Learnability Window in Gated Recurrent Neural Networks
Abstract
We develop a statistical theory of temporal learnability in recurrent neural networks, quantifying the maximal temporal horizon $\mathcal{H}_N$ over which gradient-based learning can recover lag-dependent structure at finite sample size $N$. The theory is built on the effective learning rate envelope $f(\ell)$, a functional that captures how gating mechanisms and adaptive optimizers jointly shape the coupling between state-space transport and parameter updates during Backpropagation Through Time.
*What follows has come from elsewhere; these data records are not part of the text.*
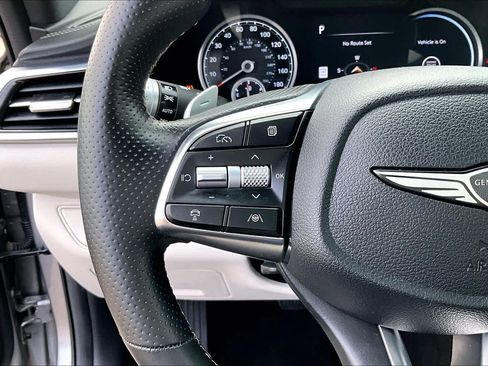 Used 2025 Genesis G70 2.5T RWD image 46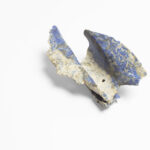 Felicia Mülbaier - Flügelschlag, 2019, Körperbezogenes Objekt, Lapislazuli, 585 Gold, Foto: Felicia Mülbaier / VG-Bildkunst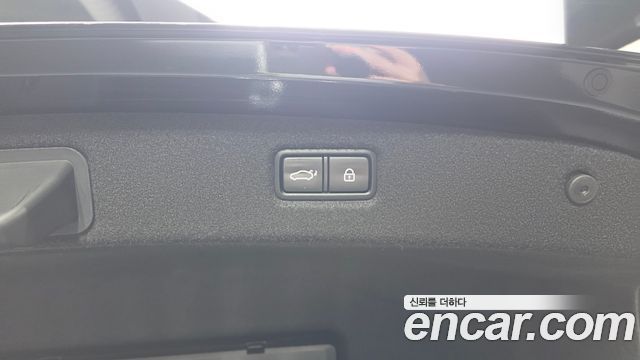 Genesis G90 2020 — photo 27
Under heavy-tailed ($α$-stable) fluctuations, where empirical averages concentrate at rate $N^{-1/κ_α}$ with $κ_α= α/(α-1)$, the interplay between envelope decay and statistical concentration yields explicit scaling laws for the growth of $\mathcal{H}_N$: logarithmic, polynomial, and exponential temporal learning regimes emerge according to the decay law of $f(\ell)$. These results identify the envelope decay as the key determinant of temporal learnability: slower attenuation of $f(\ell)$ enlarges the learnability window $\mathcal{H}_N$, while heavy-tailed noise compresses temporal horizons by weakening statistical concentration. Experiments across multiple gated architectures and optimizers corroborate these structural predictions.